The production process will be described.
First of all, an n type Al.sub.x Ga.sub.1-x As first cladding layer 2, a superlattice layer 3, a p type Al.sub.x Ga.sub.1-x As second cladding layer 4, and a p type GaAs contact layer 5 are successively epitaxially grown on a GaAs substrate 1. Thereafter, a silicon nitride film or a silicon oxide film is deposited on the entire surface of wafer and this film is patterned to produce a plurality of stripe shaped apertures along the region becoming the cleavage planes. Next, using the patterned film as a mask, Zn is diffused from the stripe shaped apertures. The superlattice layer 3 inside the region 13 into which Zn is diffused is disordered, and it becomes a Al.sub.y 'Ga.sub.1-y 'As mixed crystalline layer having a larger band gap than the transition energy between the bottom levels of the quantum well of the superlattice 3. Thereafter, the wafer is cleaved into chips at the neighborhood of the central portion thereof along the stripes of the apertures.
In this laser device, a multi-quantum, well structure is used as an active layer and by increasing the energy band gap only the neighborhood of the facet of the active layer, the, light absorption loss at that portion is lowered, thereby increasing the COD level.
In this prior art device, the COD levels can be increased without lowering the light density at the active layer by thinning the active layer or by lowering the light density inside the laser device by asymmetric reflection coating which lowers the reflectance of cavity facet at the light output side and increases the same at the opposite side thereof. Accordingly, the above-described problems can be solved.

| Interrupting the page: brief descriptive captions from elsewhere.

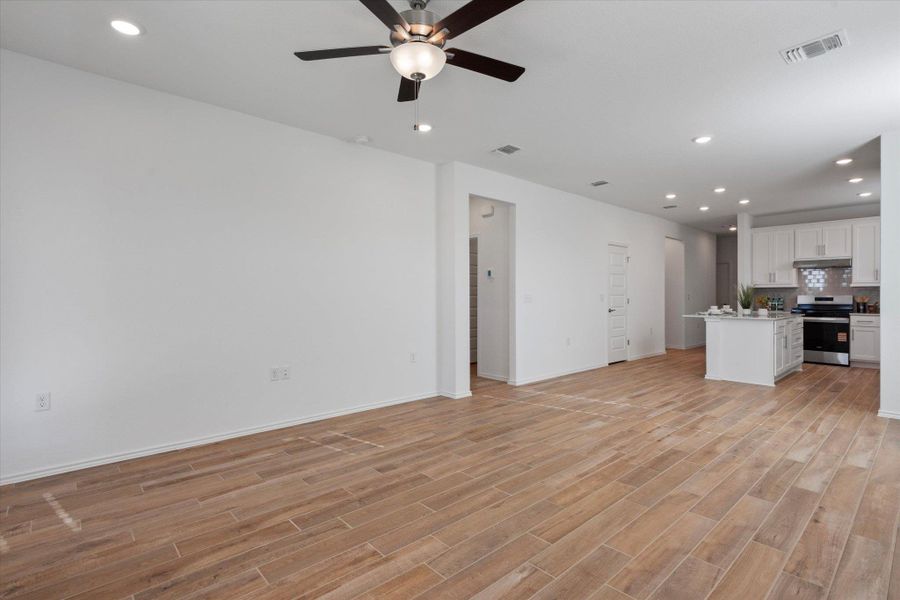 Unfurnished living room with recessed lighting, light wood tile finished floors, and a ceiling fan
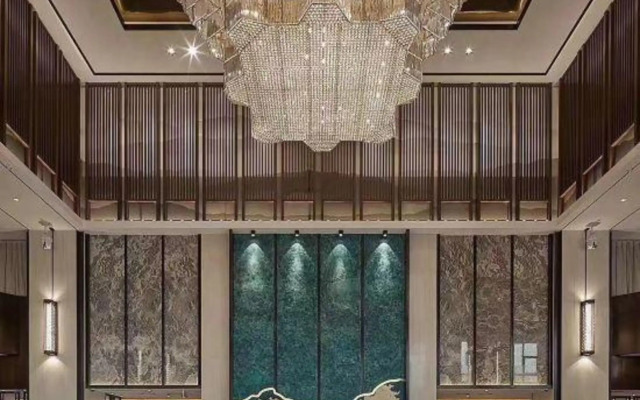 Xinzheng Xingangwanhua Hotel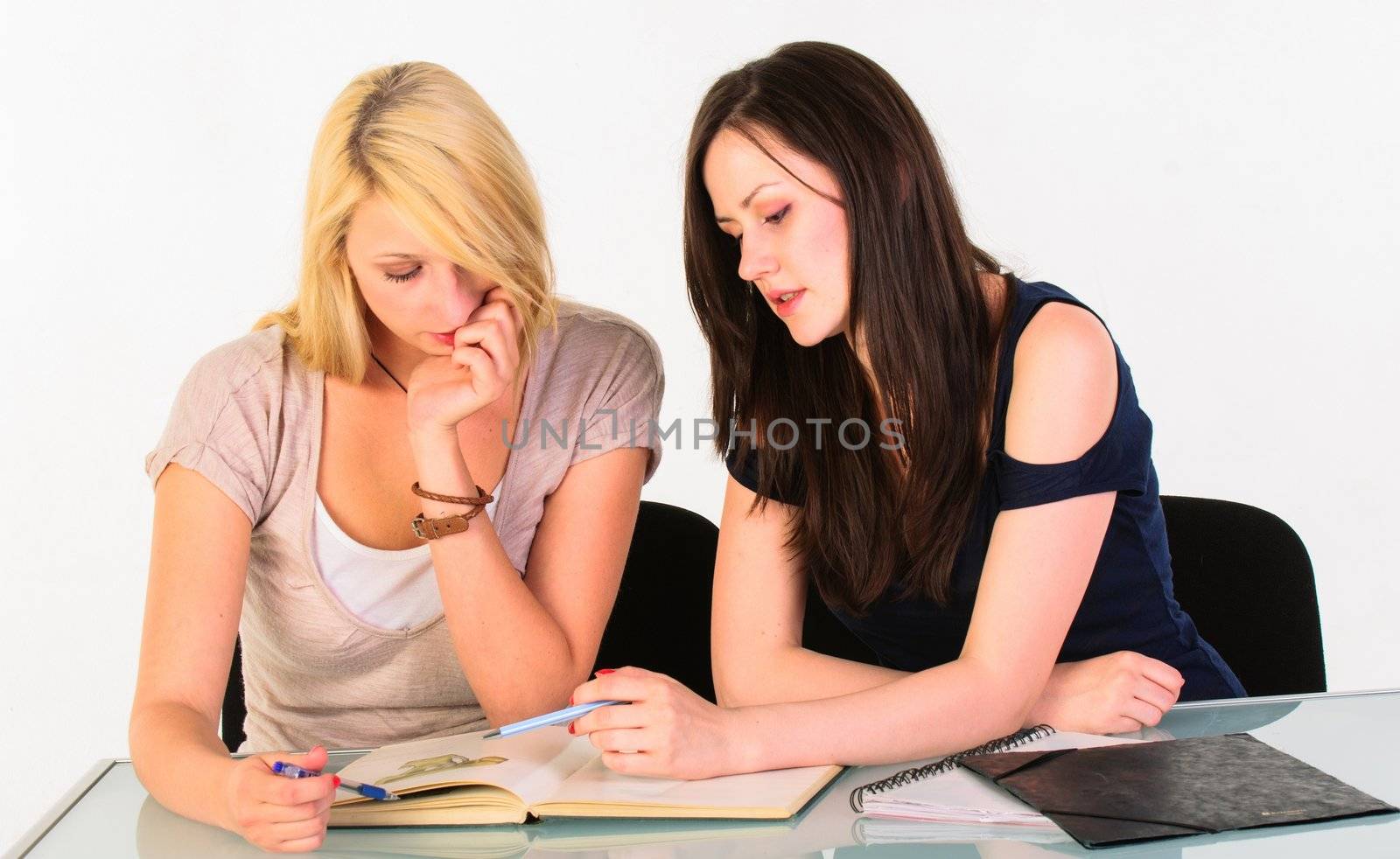 Two beautiful student girls getting ready for school isolated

The prior art laser device thus constructed has increased the COD level by disordering the superlattice active layer with an impurity diffusion In this prior art laser device, however, the light confinement in the transverse direction inside the active layer is not considered. As the light confinement in the transverse direction inside the active layer, the loss guide type shown in the prior art of FIG. 6 is thought of. However, in a case where the construction of FIG. 6 is combined with the construction of FIG. 7, the production process becomes quite difficult because an increased number of photolithography steps are required Further, in producing the electrodes, the mask which becomes a diffusion mask in the production process of the device of FIG. 7 must be removed. When the diffusion mask is removed, it is quite difficult to distinguish the diffusion region from the other region and to determine the positions to be cleaved.